The Catechism of the Catholic Church summarizes this belief by stating that the bishop of Rome, as successor of Peter, serves as “the perpetual and visible source and foundation of unity” (CCC 882).

Perhaps the most striking feature of Peter’s story, however, is not his authority but his humanity. The Gospels portray him as impulsive, often confused, and sometimes even fearful. He walks on water but begins to sink. He boldly confesses Jesus as the Messiah yet later rebukes Him.

Most dramatically, he denies Christ three times on the night of the crucifixion. Thus, “the most remarkable feature of Peter’s leadership is not perfection but vocation.” And yet, it is precisely this flawed disciple whom Jesus chooses to strengthen the others. In that sense, Peter’s role is not a sign of perfection but of calling.

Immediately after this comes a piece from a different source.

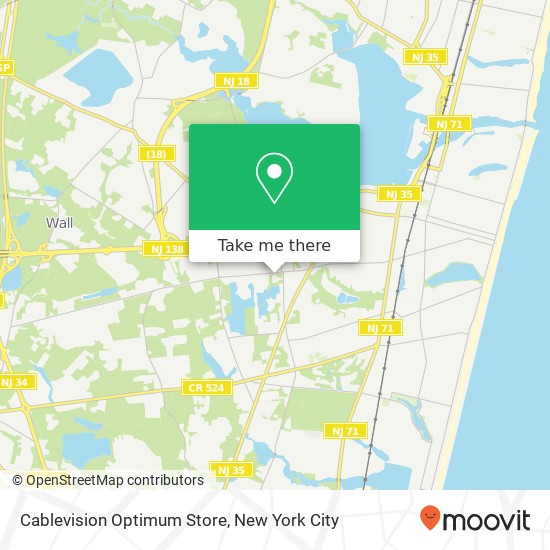 Cablevision Optimum Store map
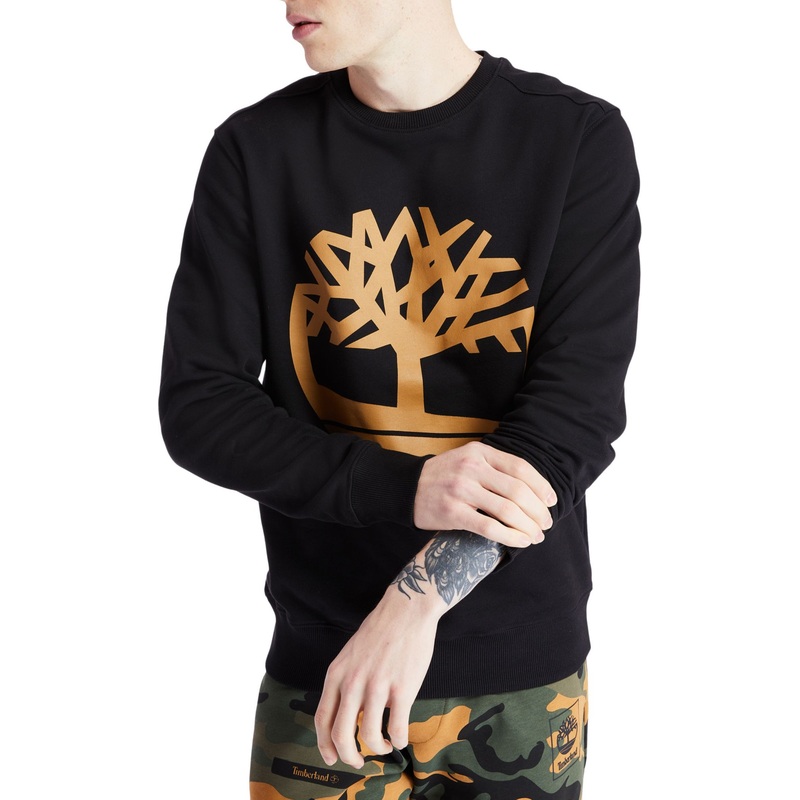 Timberland Mens Core Tree Logo Sweatshirt XL Black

The leadership entrusted to him reflects not human greatness but divine vocation.

The apostle Paul ultimately reminds believers that no human leader stands at the center of the Church. Writing to the Corinthians, he warns against factions built around particular apostles: “What then is Apollos? What is Paul? Servants through whom you came to believe…I planted, Apollos watered, but God gave the growth” (1 Cor. 3:5–7).

Scripture and early Christian tradition together indicate that Peter exercised a distinctive leadership role among the apostles and in the life of the early Church. Whether one approaches the question as a Catholic or a Protestant, the biblical evidence makes one conclusion difficult to avoid:

Peter stands at the center of the apostolic community—but the Church ultimately belongs to Christ alone.